Monday, June 22, 2009

Troy's Secret Method

Have you even noticed how biting into some delicious food and getting a big chunk of a sage leaf, or a big piece of garlic can ruin the mood and spoil the whole dish?

Have you ever cooked your favorite sauce only to taste it and realize that the sauce taste so strongly of basil that you can't even taste the delicate Romano cheese you added?

Fresh herbs, especially those you grow yourself, can be a bit tricky at first. If they grow in the sun, they are going to be stronger than if they are grown in the shade. If you picked them in the morning they will be stronger than herbs picked in the afternoon.

I used to just go pick a handful of herbs and give them a quick chop and throw them in the sauce, but more than once I discovered I had a sauce that tasted like one herb, and the others were lost.

So, I have worked and played and come up with "Troy's Secret Method."
First I chop each of the herbs I am planning on using relatively fine, and set it aside.
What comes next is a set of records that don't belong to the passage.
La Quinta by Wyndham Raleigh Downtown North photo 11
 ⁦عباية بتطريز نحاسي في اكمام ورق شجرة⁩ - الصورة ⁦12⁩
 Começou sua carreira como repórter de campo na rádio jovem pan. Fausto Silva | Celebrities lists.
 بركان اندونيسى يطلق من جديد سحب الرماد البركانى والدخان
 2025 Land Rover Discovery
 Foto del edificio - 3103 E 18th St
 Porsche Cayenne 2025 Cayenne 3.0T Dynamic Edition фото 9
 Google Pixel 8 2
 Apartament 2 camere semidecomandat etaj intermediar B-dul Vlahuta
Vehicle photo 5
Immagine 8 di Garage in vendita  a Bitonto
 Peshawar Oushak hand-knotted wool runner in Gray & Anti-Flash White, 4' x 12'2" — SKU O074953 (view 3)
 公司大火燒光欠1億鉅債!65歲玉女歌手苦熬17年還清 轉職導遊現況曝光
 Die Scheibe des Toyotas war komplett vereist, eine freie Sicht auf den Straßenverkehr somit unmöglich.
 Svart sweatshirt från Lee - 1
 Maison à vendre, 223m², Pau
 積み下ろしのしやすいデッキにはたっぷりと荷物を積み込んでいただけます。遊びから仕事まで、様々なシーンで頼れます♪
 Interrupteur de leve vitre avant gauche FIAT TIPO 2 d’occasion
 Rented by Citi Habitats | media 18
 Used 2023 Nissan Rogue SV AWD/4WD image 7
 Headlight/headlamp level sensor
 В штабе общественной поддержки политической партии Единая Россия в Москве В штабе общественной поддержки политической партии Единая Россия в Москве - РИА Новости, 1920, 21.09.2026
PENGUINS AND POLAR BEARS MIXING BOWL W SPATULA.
As I am chopping the herbs, the oils are released and I can tell by the smell, which ones are going to be stronger.
Then I start with about a third of my chopped pile of each herb, put them all together and chop through them, mixing them, and more important, blending the oils from each together. Again, I pay careful attention to the smell. Is it too sagey? Add a bit more of the others. Don't smell any Savory, add a bit more to the pile.

When I am done, I have a dark green, wet, soft pile of chopped herb blend, that can then be added to my sauce, soup, or other dish without fear of chunks of leaf, or any one herb overpowering the others.

This is a trial and error method. Don't be afraid to play around a bit.

Over time, you will get the feel for your own herbs, how they blend with the other herbs in the garden, and the individual taste of your own family.


  1. That sounds like a good idea, Troy. I probably don't use enough sometimes, because I'm afraid of using too much of an herb. I always seem to be in a hurry, though, and barely take the time to go get some herbs for whatever I'm cooking. I just snip it in with my scissors, or run my fingers down the stem of the thyme and don't measure.

  2. LOL, there's a lot to be said for that method Sue but sometimes I tend to get a bit heavy handed with some of my favorites when I do it that way. I forget that I am making BEAN soup, and not SAVORY soup.